Re: SPARK MLLib - How to tie back Model.predict output to original data?

2016-08-18 Thread ayan guha
Thanks a lot. I resolved it using an UDF.

Qs: does spark support any time series model? Is there any roadmap to know
when a feature will be roughly available?
On 18 Aug 2016 16:46, "Yanbo Liang"  wrote:

> If you want to tie them with other data, I think the best way is to use
> DataFrame join operation on condition that they share an identity column.
>
> Thanks
> Yanbo
>
> 2016-08-16 20:39 GMT-07:00 ayan guha :
>
>> Hi
>>
>> Thank you for your reply. Yes, I can get prediction and original features
>> together. My question is how to tie them back to other parts of the data,
>> which was not in LP.
>>
>> For example, I have a bunch of other dimensions which are not part of
>> features or label.
>>
>> Sorry if this is a stupid question.
>>
>> On Wed, Aug 17, 2016 at 12:57 PM, Yanbo Liang  wrote:
>>
>>> MLlib will keep the original dataset during transformation, it just
>>> append new columns to existing DataFrame. That is you can get both
>>> prediction value and original features from the output DataFrame of
>>> model.transform.
>>>
>>> Thanks
>>> Yanbo
>>>
>>> 2016-08-16 17:48 GMT-07:00 ayan guha :
>>>
 Hi

 I have a dataset as follows:

 DF:
 amount:float
 date_read:date
 meter_number:string

 I am trying to predict future amount based on past 3 weeks consumption
 (and a heaps of weather data related to date).

 My Labelpoint looks like

 label (populated from DF.amount)
 features (populated from a bunch of other stuff)

 Model.predict output:
 label
 prediction

 Now, I am trying to put together this prediction value back to meter
 number and date_read from original DF?

 One way to assume order of records in DF and Model.predict will be
 exactly same and zip two RDDs. But any other (possibly better) solution?

 --
 Best Regards,
 Ayan Guha

>>>
>>>
>>
>>
>> --
>> Best Regards,
>> Ayan Guha
>>
>
>


Re: SPARK MLLib - How to tie back Model.predict output to original data?
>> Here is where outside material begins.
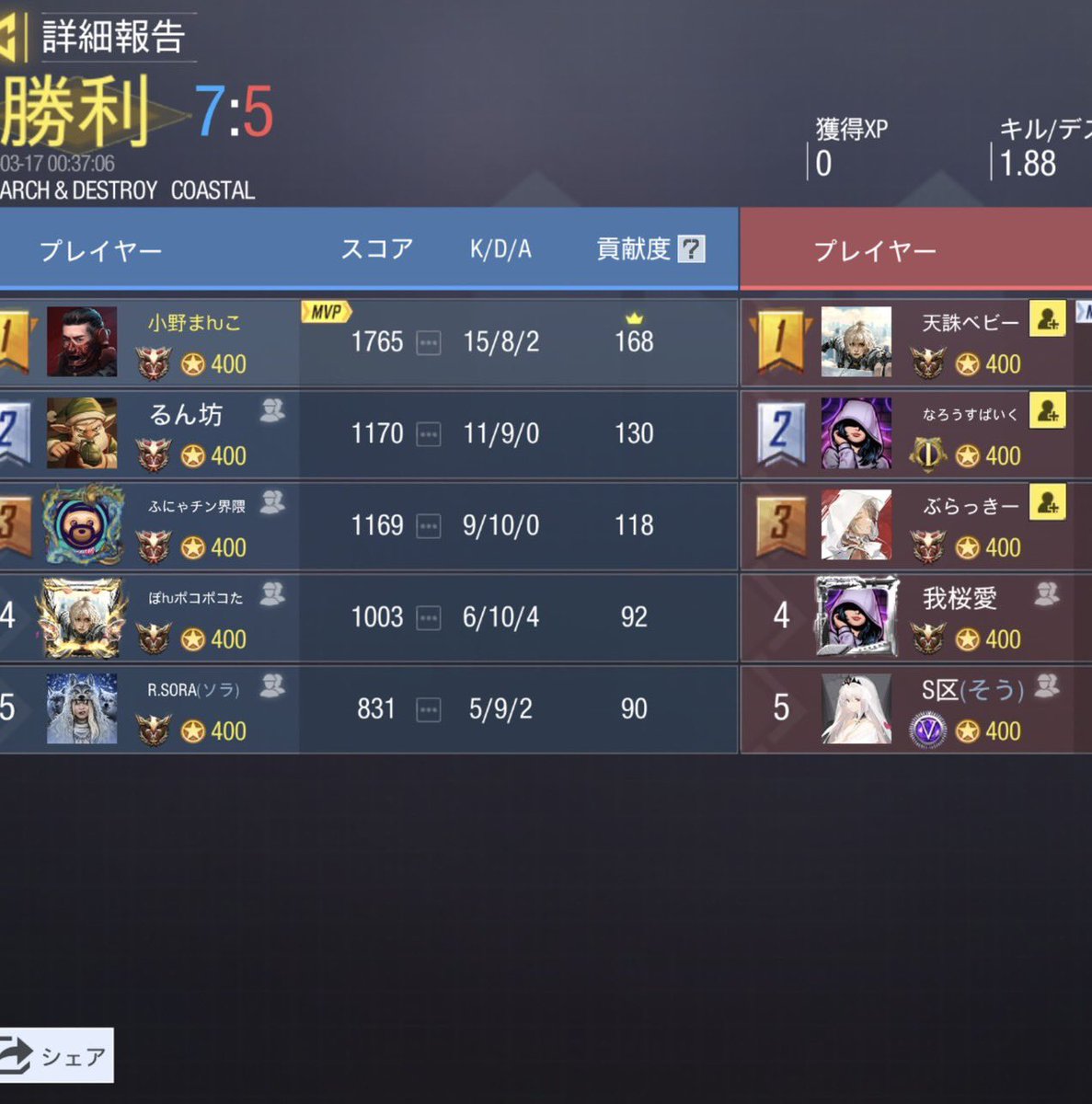 チームRein tweet media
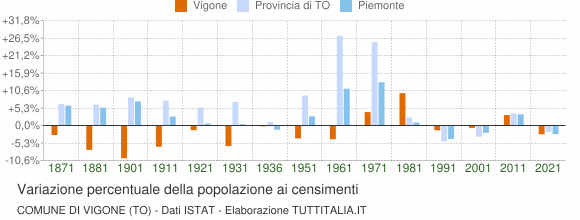 Grafico variazione percentuale della popolazione Comune di Vigone (TO)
2016-08-18 Thread Yanbo Liang
If you want to tie them with other data, I think the best way is to use
DataFrame join operation on condition that they share an identity column.

Thanks
Yanbo

2016-08-16 20:39 GMT-07:00 ayan guha :

> Hi
>
> Thank you for your reply. Yes, I can get prediction and original features
> together. My question is how to tie them back to other parts of the data,
> which was not in LP.
>
> For example, I have a bunch of other dimensions which are not part of
> features or label.
>
> Sorry if this is a stupid question.
>
> On Wed, Aug 17, 2016 at 12:57 PM, Yanbo Liang  wrote:
>
>> MLlib will keep the original dataset during transformation, it just
>> append new columns to existing DataFrame. That is you can get both
>> prediction value and original features from the output DataFrame of
>> model.transform.
>>
>> Thanks
>> Yanbo
>>
>> 2016-08-16 17:48 GMT-07:00 ayan guha :
>>
>>> Hi
>>>
>>> I have a dataset as follows:
>>>
>>> DF:
>>> amount:float
>>> date_read:date
>>> meter_number:string
>>>
>>> I am trying to predict future amount based on past 3 weeks consumption
>>> (and a heaps of weather data related to date).
>>>
>>> My Labelpoint looks like
>>>
>>> label (populated from DF.amount)
>>> features (populated from a bunch of other stuff)
>>>
>>> Model.predict output:
>>> label
>>> prediction
>>>
>>> Now, I am trying to put together this prediction value back to meter
>>> number and date_read from original DF?
>>>
>>> One way to assume order of records in DF and Model.predict will be
>>> exactly same and zip two RDDs. But any other (possibly better) solution?
>>>
>>> --
>>> Best Regards,
>>> Ayan Guha
>>>
>>
>>
>
>
> --
> Best Regards,
> Ayan Guha
>


Re: SPARK MLLib - How to tie back Model.predict output to original data?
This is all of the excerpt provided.